Ikea

I picked up a desk and some other bits and pieces at the new (and notorious) Edmonton Ikea the other day. Some notes:

I now have a kid-size duvet cover that I don’t need… I put my Powerbook in a kid-size pillow slip, you see but mine’s worn out, and they’re very difficult to find–they sell them in Ikea, but only in sets…

Ikea makes a big deal of making you pay £1 for parking. (There’s a big sign explaining the situation that I meant to take a photo of.) They say (a) that it’s to encourage people to use alternative modes of transport and (b) that the money goes to some council/alternative energy consortium that funds local public transport initiatives. (Including, I imagine, the shuttle bus that takes people between the tube station and Ikea.)

I don’t really buy this. It sounds like a scam to convince consumers that they’re dealing with an oh-so-environmentally friendly company; a program designed get customers to forget that a trip to Ikea generally ends in consumption on a wide-scale. (Of products of dubious provenence: “Our long-term goal is to source all wood in the IKEA range from verified well-managed forests, that is, forests that have been certified according to a forest management standard recognised by IKEA”.)

First of all, taking your car to Ikea is a good use of a car!
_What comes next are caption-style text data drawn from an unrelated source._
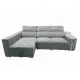 SHAISELONGUE CAMA XL IZDA. MENUA GRIS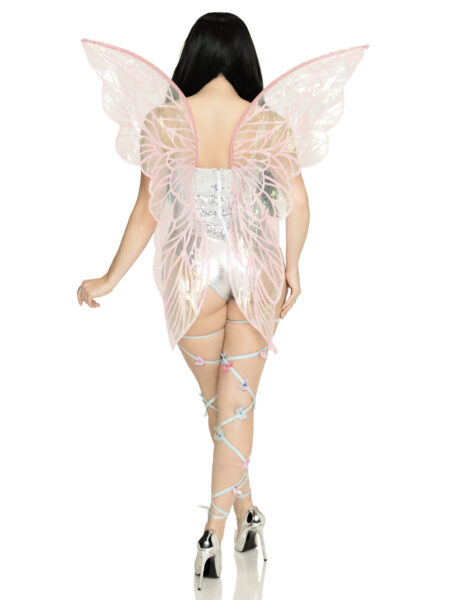 Iridescent Strapless Fairy Wings - PINK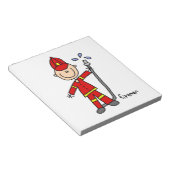 Brandweerman Stick Figure Notitieblok (Schuin)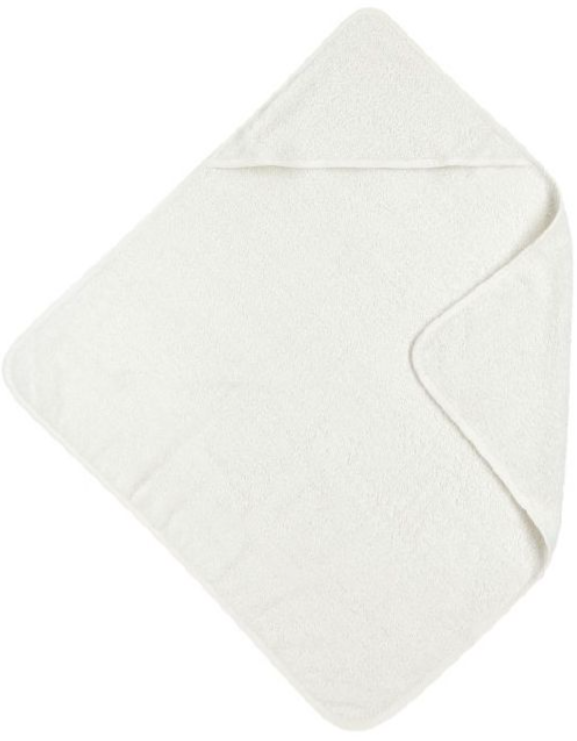 Meyco Baby | BADCAPE, Basic Badstof offwhite, ecru, uni, badstof, 75x75cm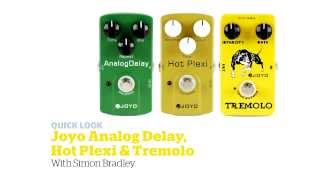 Video thumbnail for Joyo JF-09 Tremolo, JF-33 Analog Delay & JF-32 Hot Plexi guitar effects pedal demo by Guitarist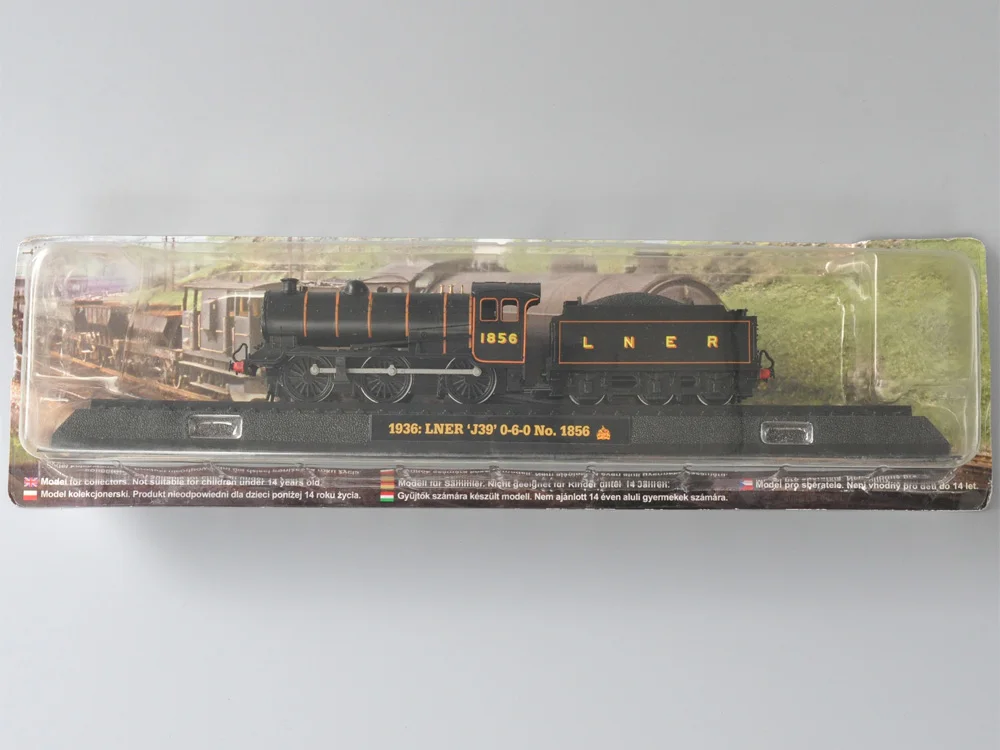 

Отлитый под давлением модельный поезд Amer 1:87 игрушка 1936 LNER J39 0-6-0 локомотив с грузовым автомобилем миниатюрная копия Коллекционная модель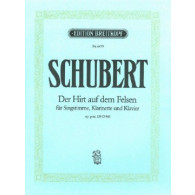 Schubert F. Der Hirt Aud Dem Felsen Chant Clarinette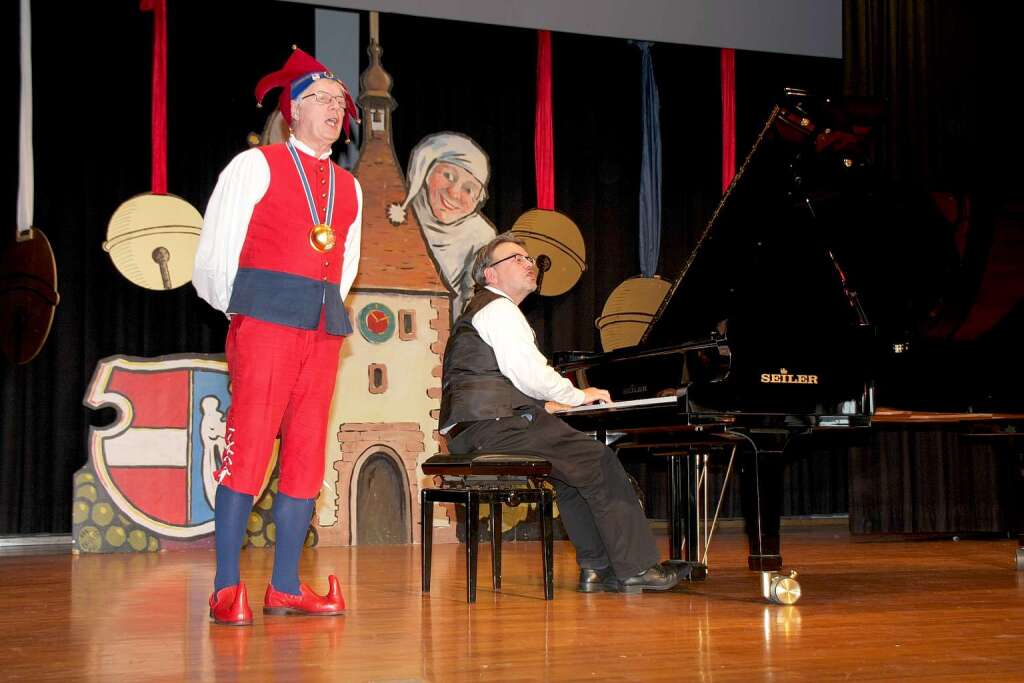 Narrenvesper 2013: Gesangseinlage von Gerhard Rowog und Georg Koch.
A car is, uh, genuinely useful when you’re trying to take furniture home, flat-packed or not. Second, the Ikea car park is the biggest I’ve ever seen in the UK, and the Ikea has, of course, been put in Edmonton so that it can be surrounded (below and around) by parking spaces. (That is, Ikea intends and expects a large number of customers to drive–so why whine when they do?)

The Ikea restaurant has a whole lot of “lingonberry”! (Lingonberry sauce for your meatballs, lingonberry-topped desserts, lingonberry soft-drink.) All through my lingonberry-dipped Swedish meatballs and lingonberry soda I thought the delicious thought that the lingonberry was, in fact, Ikea’s creation: a corporate berry for these corporate times. Sadly, though, there is such a thing as a lingonberry.

My desk is held together entirely with screws and bolts. (Those hexagonal (?) Ikea bolts aren’t anywhere to be found, which I wish had been made clear on the package, because I didn’t have a Phillips screwdriver of my own…)

When I was in Greece, and seeing Greek billboards, I got to thinking about how it’s a bit sad that seemingly all multi-national companies have names made entirely from letters from the English alphabet. (The only exception I can think of is Nestlé, which is a bit feeble…) And even though they don’t always look like English words, they’re always pronounceable by English speakers. Ikea, though, seems to not mind giving products names that not only contain non-English letters, but that are also frequently unpronounceable. Go go monoculture, eh?